Kamis, 23 Oktober 2014

Puron Wenda, Eksistensi Sang Penumpah Darah di Tanah Papua


OPINI | 01 August 2014 | 16:50 Dibaca: 200   Komentar: 28   18
14068865561266466590
Stop Kekerasan di Papua. Sumber : http://www.yapthiamhien.org/
Dalam keadaan masygul saya menulis artikel ini. Kalau dalam artikel sebelumnya saya menulis tentang ketakutan saya bahwa pergerakan politik WPNCL (West Papua National Coalition For Liberation) yang dipimpin oleh Andy Ayemiseba di Vanuatu akan menjadi faktor pemicu faksi-faksi lain OPM akan bergerak untuk menunjukan eksistensinya, ternyata hal tersebut benar-benar terjadi. Dalam artikel tersebut saya menuliskan ketakutan saya bahwa faksi militer OPM yang akan bergerak, karena pemimpin-pemimpin faksi militer OPM banyak yang tidak sejalan dengan petinggi tiga organisasi politik faksi OPM yang diundang oleh Pemerintah Vanuatu, baik WPNCL, NRFPB (Negara Republik Federal Papua Barat) ataupun KNPB (Komite Nasional Papua Barat). Selain itu, langkah Pemerintahan Vanuatu sama sekali tidak mengundang satu pun faksi militer OPM yang jumlahnya tidak sedikit.

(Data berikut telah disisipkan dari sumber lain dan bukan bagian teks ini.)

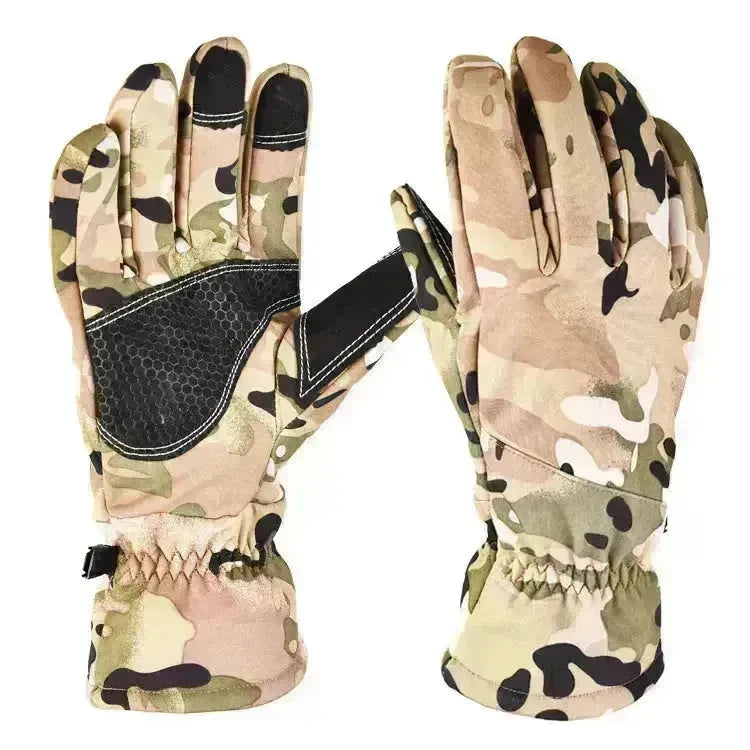 Outdoor Warm Keeping Sports Anti-slip Tactical Camouflage Ski Gloves - EX-STOCK CANADA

Kembalinya terjadi penembakan di Papua oleh “Kelompok Sipil Bersenjata” bisa jadi adalah ajang penunjukan eksistensi dari faksi militer atau bahkan bisa jadi sebagai wujud kekecewaan karena tidak “dianggap” dalam acara rekonsiliasi di Vanuatu, Agustus mendatang.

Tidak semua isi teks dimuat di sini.